Data to use START
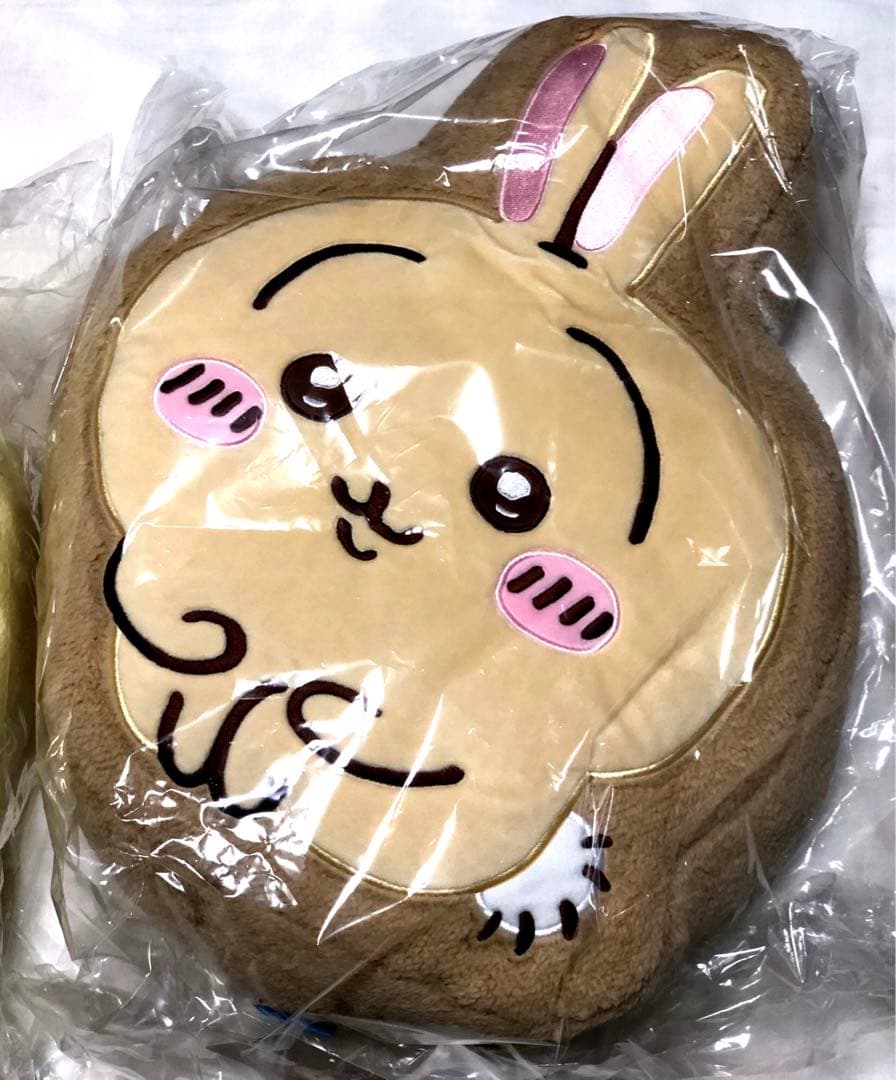 ちいかわ】もこもこダイカットクッション ちいかわ ハチワレ うさぎ 3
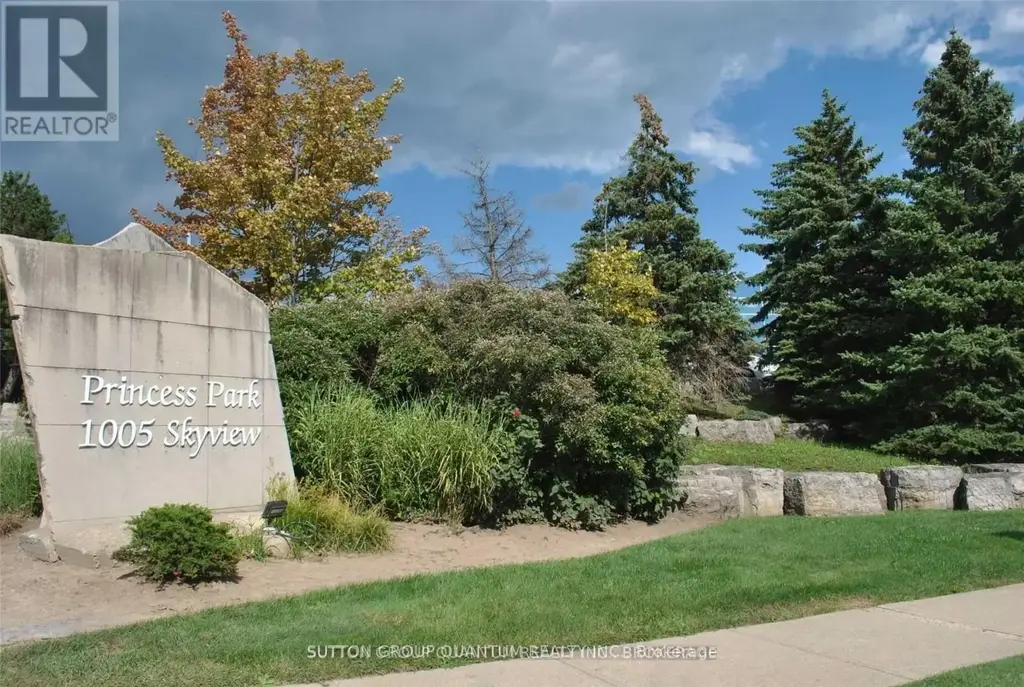 202d - 1005 Skyview Drive, Burlington (Tyandaga)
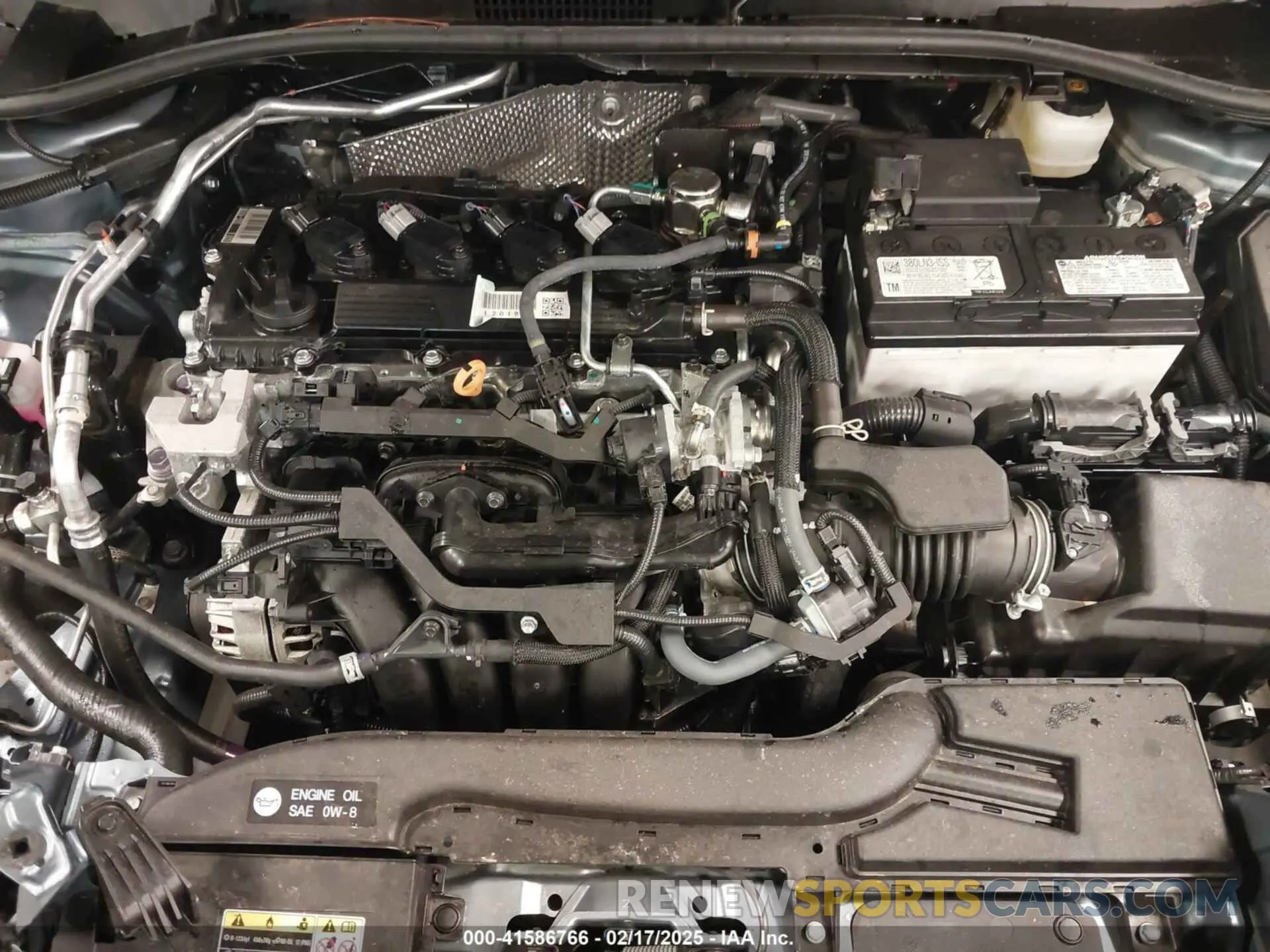 10 fotografías del automóvil dañado 7MUBAABG8RV111689 TOYOTA COROLLA CROSS 2024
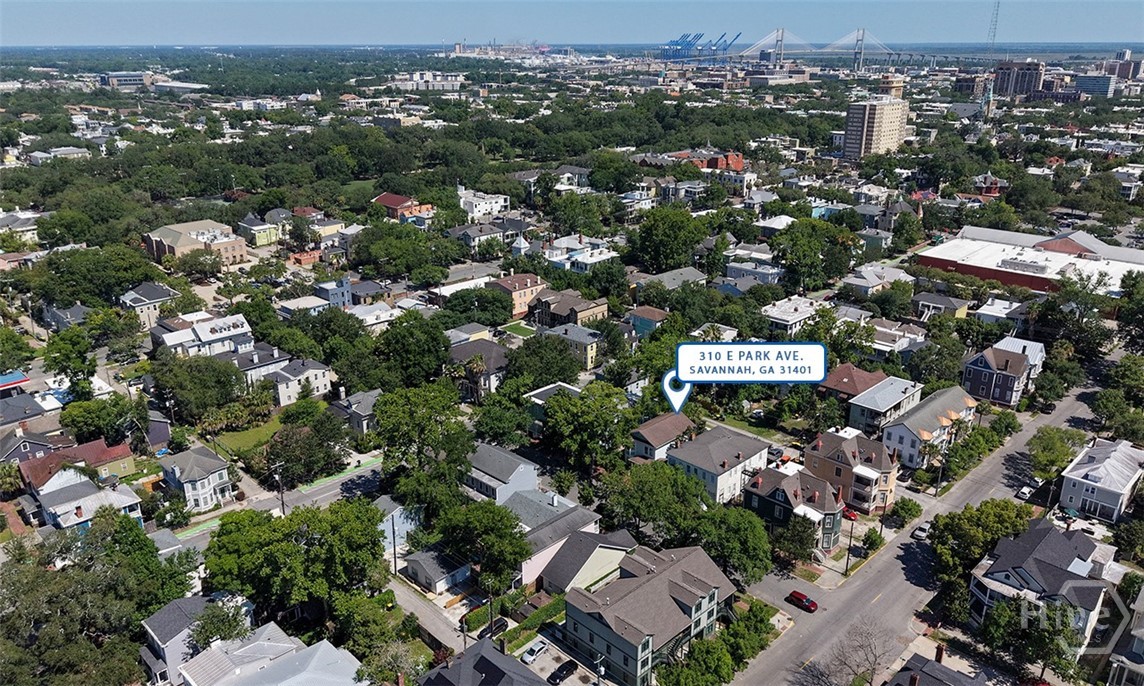 310 E Park Avenue Property Photo 63
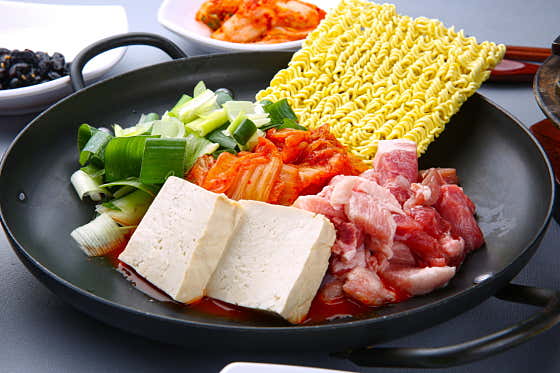돼지 김치찌개 메뉴 사진(네이버)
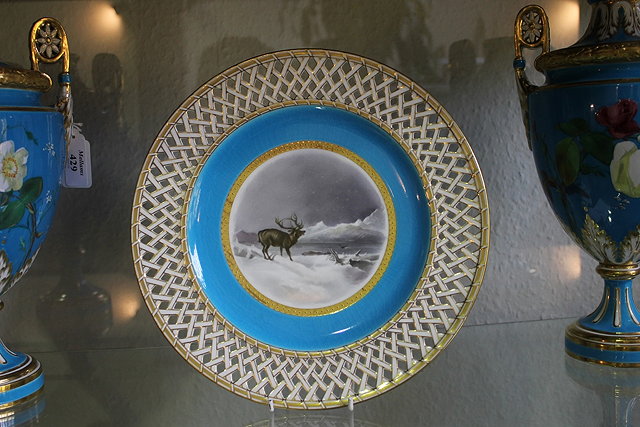 Appraisal: A MINTON PORCELAIN CABINET PLATE with basket weave border the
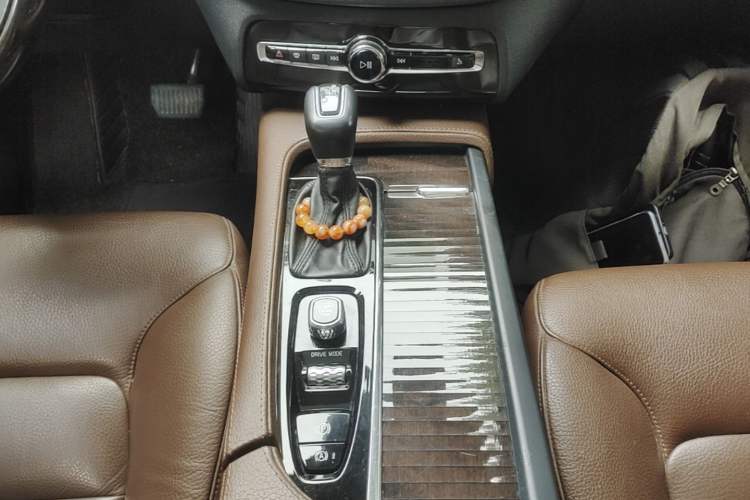 Used Volvo XC90 2018 T6 Zhiyi Edition 7-Seater Gear Lever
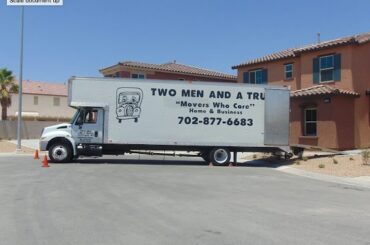 Two Men and a Truck (0) in Las Vegas NV
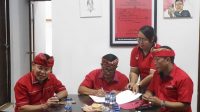 KOMANG Gede Sanjaya (tengah) membubuhkan tanda tangan di berita acara rapat pleno, Kamis (25/7/2024) yang membahas manuver Ketua PAC PDIP Kecamatan Kediri, Nyoman Mulyadi, yang mendaftar sebagai calon Bupati Tabanan di DPD Partai Golkar Bali. Foto: ist KOMANG Gede Sanjaya (tengah) membubuhkan tanda tangan di berita acara rapat pleno, Kamis (25/7/2024) yang membahas manuver Ketua PAC PDIP Kecamatan Kediri, Nyoman Mulyadi, yang mendaftar sebagai calon Bupati Tabanan di DPD Partai Golkar Bali. Foto: ist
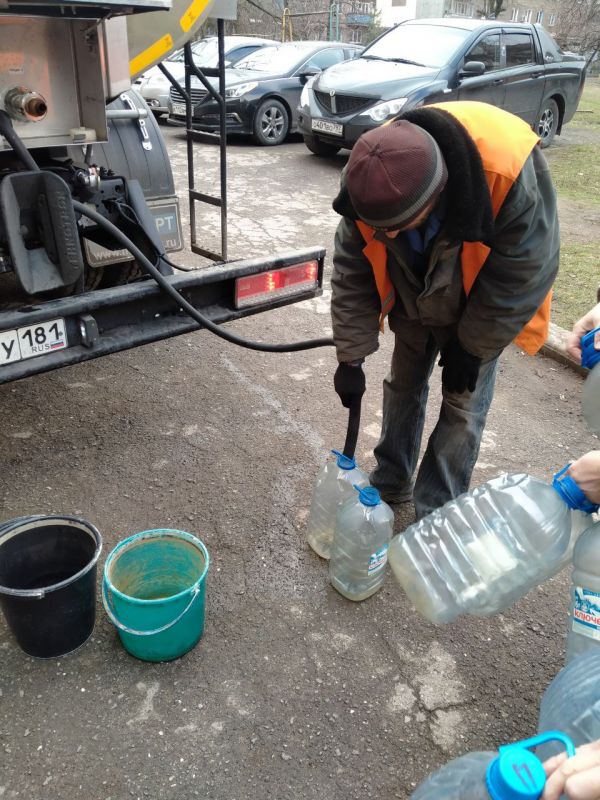 Проводится подвоз воды населению города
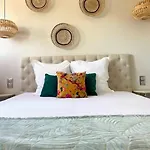 Domaine Le Vaxergues 公寓 *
Data to use END
Exercise description - From the records above, give again only the part that opens with the line containing "Appraisal: A MINTON" and closes with the line containing "Two Men and a Truck (0) in Las Vegas NV". Keep both ends but drop the pictures.

Response area -
 Appraisal: A MINTON PORCELAIN CABINET PLATE with basket weave border the
 Used Volvo XC90 2018 T6 Zhiyi Edition 7-Seater Gear Lever
 Two Men and a Truck (0) in Las Vegas NV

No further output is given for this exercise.